Меня подсадили на мышастого цвета лошадку; руки у меня так и остались связаны. Недостаток сна, голод и всевозможные травмы, полученные мной в эту ночь, сказывались: голова будто свинцом была налита, и я никак не мог распрямиться. Джон Ньювел, увидев, что я падаю головой на шею лошади, основательно заехал мне в живот рукоятью меча:
— Сядь прямо, ублюдок итальянской шлюхи, пока я табличку тебе на шею не повесил. — Солнечный свет бил ему в глаза, он смотрел на меня щурясь. — Напишу «иезуит-заговорщик» — с такой Эдмунда Кэмпиона везли в Лондон. Пусть прямо сидит! — скомандовал он солдату, который вел в поводу мою лошадь. — А то еще свалится на дорогу, мы его и до Оксфорда не довезем.
— Ему бы выпить, чтоб оклематься, сэр. Похоже, у него в глотке совсем пересохло, — заступился за меня солдатик, и я закивал, преисполненный благодарности: как это часто бывает, рядовой оказался милосерднее своего начальника.
— Выпить? — Ньювел уставился на своего подчиненного так, словно тот предложил созвать для моего увеселения музыкантов и куртизанок. — Конечно, конечно. Лучшее вино из подвалов Хэзли для дорогого гостя! Зажарить ему жирного гуся, а? Занимайся своим делом, солдат, и нечего меня учить!

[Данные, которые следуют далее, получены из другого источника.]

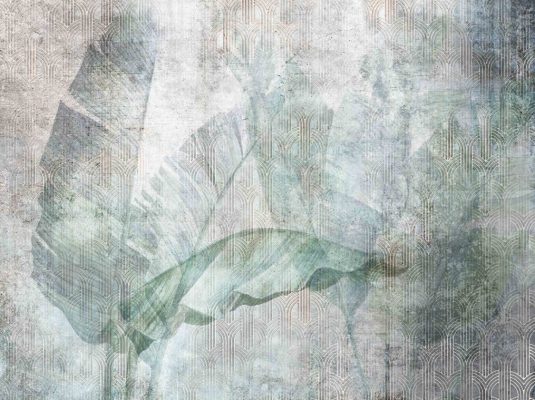 2325 echoes of nature echos de la nature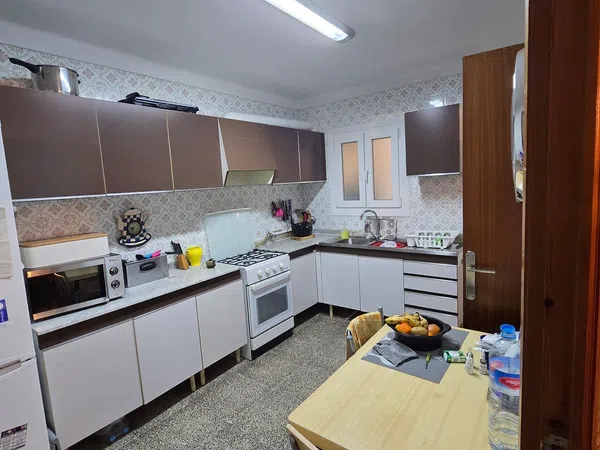 Piso en calle Sant Isidre Llaurador, 16 - Foto 23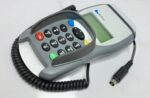 Verifone Pos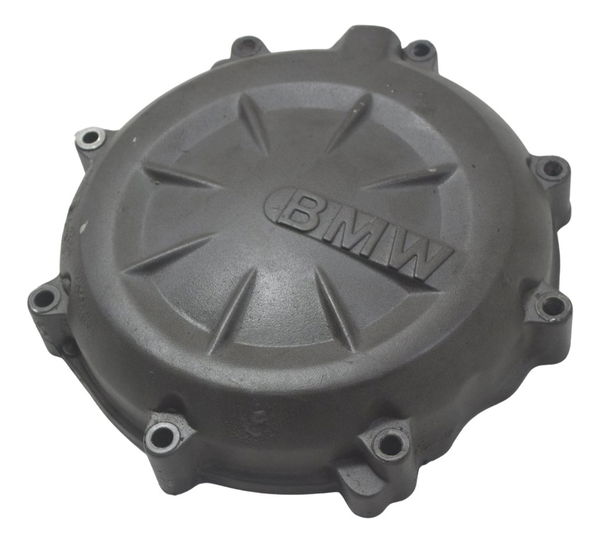 Tampa Embreagem Motor Direito Bmw G 650 Gs 12-16 Original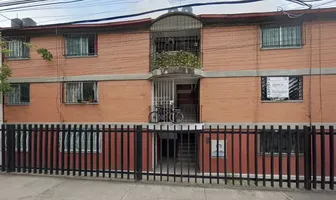 Foto de inmueble en REAL SAN MARTIN #255, Col. Santa Bárbara C.P. 02230, Azcapotzalco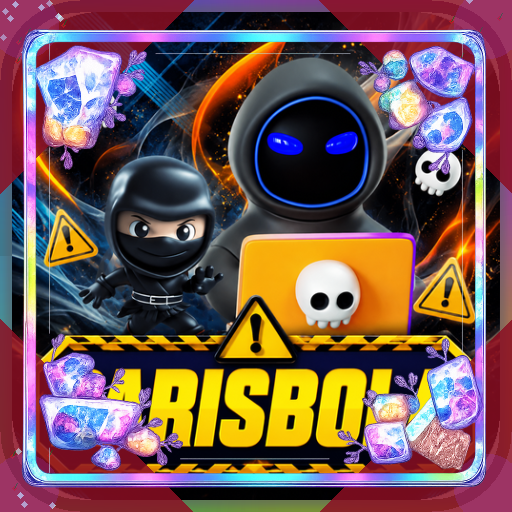 parisbola — mitra unggulan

Солдат смущенно потупился, потом коротко глянул на меня — извини, мол. Растрескавшимися губами я прошептал ему: «Спасибо». Ньювел отвернулся, карабкаясь на своего коня. Дознаватель выехал вперед, чтобы возглавить отряд, которому предстояло с торжеством доставить меня в Оксфорд, но тут воцарившуюся ненадолго тишину нарушил стук копыт. Подняв глаза, я увидел вдалеке, там, где дорога поднималась на холм, двух всадников, а за ними человек тридцать солдат, но уже в какой-то другой форме. Неужто им понадобилось столько народа, чтобы захватить двух иезуитов? — удивился я.
Но тут я заметил, с каким недоумением взирает на вновь прибывших главный дознаватель, и понял, что никакого подкрепления он не ждал. И лишь когда всадник, скакавший впереди, подлетел прямо к Ньювелу и осадил своего коня, я понял наконец, что происходит, и сердце мое затрепетало.
— Что это, черт побери, вы сотворили с моим другом?! — заорал Сидни, спрыгивая с коня и подбегая ко мне; шпага его была обнажена. — Клянусь Господом, я лично задам порку тому, кто это сделал! Отвяжи его! — приказал он солдату, который стоял возле моей лошади, и тот поспешно повиновался.
Я боялся, что Ньювел попытается сопротивляться, но тот с почтением и страхом взирал на другого всадника, прискакавшего вместе с Филипом.
— Милорд шериф, — срывая с себя шляпу, заговорил Ньювел, — я схватил опасного иезуита из Италии, который распространяет католическую заразу и соблазняет подданных ее величества.
— Боюсь, вы дали маху, мастер Ньювел, — преспокойно возразил шериф.
Я пригляделся внимательнее к этому человеку: он был в широкополой шляпе с пером и в алом камзоле, расшитом гербами графства; борода его начинала седеть, глаза были добрые, но лицо и манера держаться внушали уважение.
— Этот человек — известный философ и друг сэра Филипа Сидни, — сказал он. — Настоящего священника вы упустили.
— Милорд шериф… — заблеял Ньювел, но тот взмахом руки прервал его оправдания:
— Не беда, мои люди уже гонятся за ним, благо сэр Филип и его итальянский друг вовремя нас известили. Далеко он не уйдет.
Сидни помог мне сойти с коня. Я попытался растереть запястья, но руки почти не шевелились. Сидни закинул мою руку себе на плечо, обхватил меня за талию и так, поддерживая, подвел к своему спутнику.